A succession of tinsel-bedecked dictators ran the various banana republics, each earning great profits from their support of United Fruit. Uncooperative leaders were toppled in United Fruit-backed coups, often aided and abetted by U.S. military force sent to “protect” resident Americans.  Labor disputes were met with violence.    

The most infamous such occurrence was la matanza de las bananeras, the Banana Massacre, in Colombia in 1928. 

The Banana Massacre occurred when a wave of strikes hit the United Fruit plantations just before Christmas.
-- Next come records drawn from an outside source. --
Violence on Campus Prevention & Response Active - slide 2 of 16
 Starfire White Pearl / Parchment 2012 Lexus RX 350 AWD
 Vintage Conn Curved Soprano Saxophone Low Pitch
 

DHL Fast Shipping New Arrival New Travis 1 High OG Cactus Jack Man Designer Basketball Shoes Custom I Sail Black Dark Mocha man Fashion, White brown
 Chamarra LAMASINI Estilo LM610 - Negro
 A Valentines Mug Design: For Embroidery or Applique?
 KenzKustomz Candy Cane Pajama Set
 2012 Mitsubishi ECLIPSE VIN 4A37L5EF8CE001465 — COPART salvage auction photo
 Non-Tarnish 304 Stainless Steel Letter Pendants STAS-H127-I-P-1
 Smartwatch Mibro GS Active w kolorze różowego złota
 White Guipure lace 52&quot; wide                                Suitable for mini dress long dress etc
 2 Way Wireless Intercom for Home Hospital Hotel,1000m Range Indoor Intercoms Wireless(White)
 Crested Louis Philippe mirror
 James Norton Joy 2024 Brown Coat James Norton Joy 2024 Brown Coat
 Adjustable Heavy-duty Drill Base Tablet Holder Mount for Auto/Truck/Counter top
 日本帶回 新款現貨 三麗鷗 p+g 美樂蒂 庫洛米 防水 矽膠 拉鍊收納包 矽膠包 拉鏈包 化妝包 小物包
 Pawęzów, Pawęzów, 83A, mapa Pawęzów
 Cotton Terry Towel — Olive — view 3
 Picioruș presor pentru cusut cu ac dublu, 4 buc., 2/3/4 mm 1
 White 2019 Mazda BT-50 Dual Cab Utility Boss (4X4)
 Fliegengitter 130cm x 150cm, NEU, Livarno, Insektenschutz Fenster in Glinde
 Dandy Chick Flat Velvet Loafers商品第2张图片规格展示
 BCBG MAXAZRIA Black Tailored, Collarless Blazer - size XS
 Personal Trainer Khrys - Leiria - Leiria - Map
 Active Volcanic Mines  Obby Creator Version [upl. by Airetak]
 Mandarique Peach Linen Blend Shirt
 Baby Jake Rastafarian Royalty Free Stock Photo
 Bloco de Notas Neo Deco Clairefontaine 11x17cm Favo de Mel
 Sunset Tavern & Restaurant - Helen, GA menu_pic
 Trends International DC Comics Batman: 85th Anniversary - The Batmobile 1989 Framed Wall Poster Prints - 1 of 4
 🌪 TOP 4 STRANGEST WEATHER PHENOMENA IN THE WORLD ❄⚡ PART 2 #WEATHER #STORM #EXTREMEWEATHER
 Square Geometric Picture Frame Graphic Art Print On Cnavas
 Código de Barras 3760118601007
Workers demanded written contracts, eight-hour work days, six-day work weeks and the elimination of food rationing by the company. 
 

A typical United Fruit laborer in 1928

The Colombian military intervened in several places, most notably in the town of Cienaga, where it machine-gunned some 3,000 protestors, declaring them rebels and Communists. Although United Fruit always denied calling out the troops, the troops clearly acted to protect United Fruit’s corporate interests. After the Banana Massacre, Colombia became and has remained a particularly unstable nation.  

La Violencia has ebbed and flowed over the country for the better part of a century, sometimes involving produce, other times coffee, and more latterly cocaine production.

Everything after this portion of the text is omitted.